Abstract

Deforestation and technical innovation have changed the natural fire regimes, topography and carbon reservoirs during the history of human evolution. Recognition of the timing, scope, and magnitude of wildfire events in large river basins such as the Changjiang (Yangtze River) is essential for understanding the impacts of climate forcing and human perturbation on Earth surface processes. Here, we present a multi-proxy study based on the pollen and black carbon (BC) abundance in sediments of Core CM97 taken from the Changjiang Delta, aiming to reconstruct the paleo-fire history in the Changjiang River Basin and further disentangle anthropogenic and climatic influences on fire regimes during the Holocene. Our results show that the average BC abundance increased from 0.88 ‰ at 12–8 cal kyr BP to 1.17 ‰ at 8–5 cal kyr BP, well corresponding to the evolution of the Asian Summer Monsoon (ASM). This suggests the wildfire occurrences were dominated by hydroclimatic conditions during 12–5 cal kyr BP. After the early Bronze Age (∼5 cal kyr BP), the sustained high anomaly of BC abundance (average 1.30 ‰), however, was decoupled from the weakened monsoon climate.
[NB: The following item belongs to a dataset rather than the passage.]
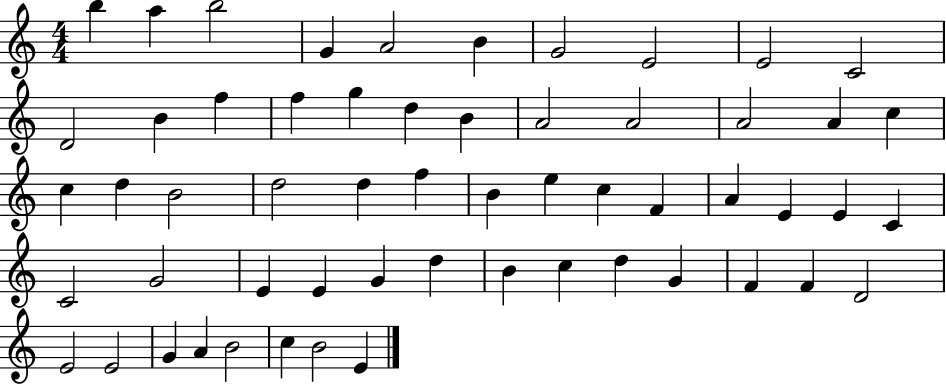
B5/q A5/q B5/h G4/q A4/h B4/q G4/h E4/h E4/h C4/h D4/h B4/q F5/q F5/q G5/q D5/q B4/q A4/h A4/h A4/h A4/q C5/q C5/q D5/q B4/h D5/h D5/q F5/q B4/q E5/q C5/q F4/q A4/q E4/q E4/q C4/q C4/h G4/h E4/q E4/q G4/q D5/q B4/q C5/q D5/q G4/q F4/q F4/q D4/h E4/h E4/h G4/q A4/q B4/h C5/q B4/h E4/q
We propose that this might be associated with anthropogenic destruction of natural forests through fire-assisted agriculture and bronze smelting. Especially, with the prosperity of the Han Dynasty (202 BCE − 220 CE), a rapid increase in population promoted the transition of ecosystem (vegetation type) from forests to permanent farmlands in the drainage basin. Human intervention has overwhelmed the long-term climate control over wildfire, plant diversity, soil erosion, and sediment source-to-sink processes, suggesting the dominance of anthropogenic activities on nature over the last 2 kyrs. Our study provides deep insight on the enhancing perturbation of human activities on Earth's surface at a continental scale and provides more constraints on the Anthropocene epoch.